According to Moody’s, since 2010, the price of utility scale solar PV system cost has gone from $4.57/W in 2010 to $1.03/W in the first quarter of 2017, a 77% reduction in price. Other segments of the industry like residential and commercial solar have similarly experienced material reduction in price as well, with the costs falling to $2.8/W and $1.85/W respectively, the rating agency noted.
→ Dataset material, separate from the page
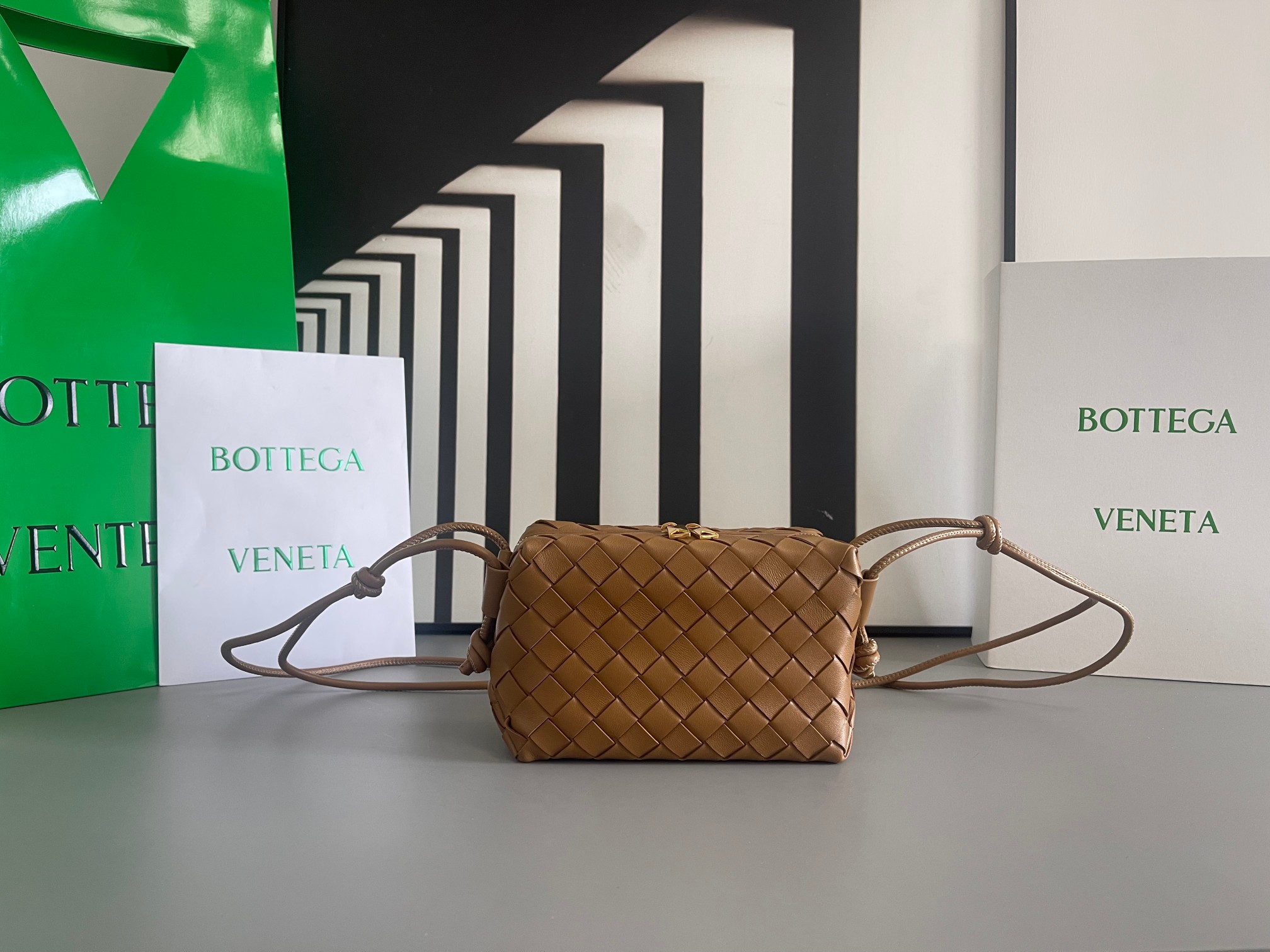 TOP Bottega Veneta BV Loop Camera Bag Lambskin 17x10x6cm - Brown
“All this will change if the ITC finds that the influx of imported CSPV solar panels has been the ‘substantial cause’ of injury to the domestic panel manufacturing industry as the plaintiffs claim. The US solar industry has grown to rely on cheap imported panels to meet demand and compete with other sources of electric power,” Moody’s said.
Governors weigh in
Prior to the ITC ruling, the governors of Colorado, Massachusetts, Nevada and North Carolina sent a letter to ITC Chairman Schmidtlein “to express our opposition to Suniva and SunWorld’s Section 201 petition requesting a high tariff on imported crystalline-silicon solar products and high minimum price floors for imported solar modules.”
The “requested tariff could inflict a devastating blow on our states’ solar industries and lead to unprecedented job loss, at steep cost to our states’ economies,” the governors said in their Sept. 21 letter.
“According to a study conducted by GTM Research, if granted, the tariff and price floors would cause module prices to double, leading solar installations – both utility-scale and consumer-installed – to drop by more than 50 percent in 2019,” they wrote.
“At a time when our citizens are demanding more clean energy, the tariff could cause America to lose out on 47 gigawatts of solar installations, representing billions of dollars of infrastructure investment in our states,” the governors said.
Along with SEIA, other parties that have opposed adopting tariffs or quotas in solar imports include Duke Energy, the National Retail Federation and the Heritage Foundation.
SolarWorld, based in Oregon, is owned by Germany’s SolarWorld Industries GMBH, which is in bankruptcy. Georgia-based Suniva is majority owned by Shunfeng International, a Chinese company.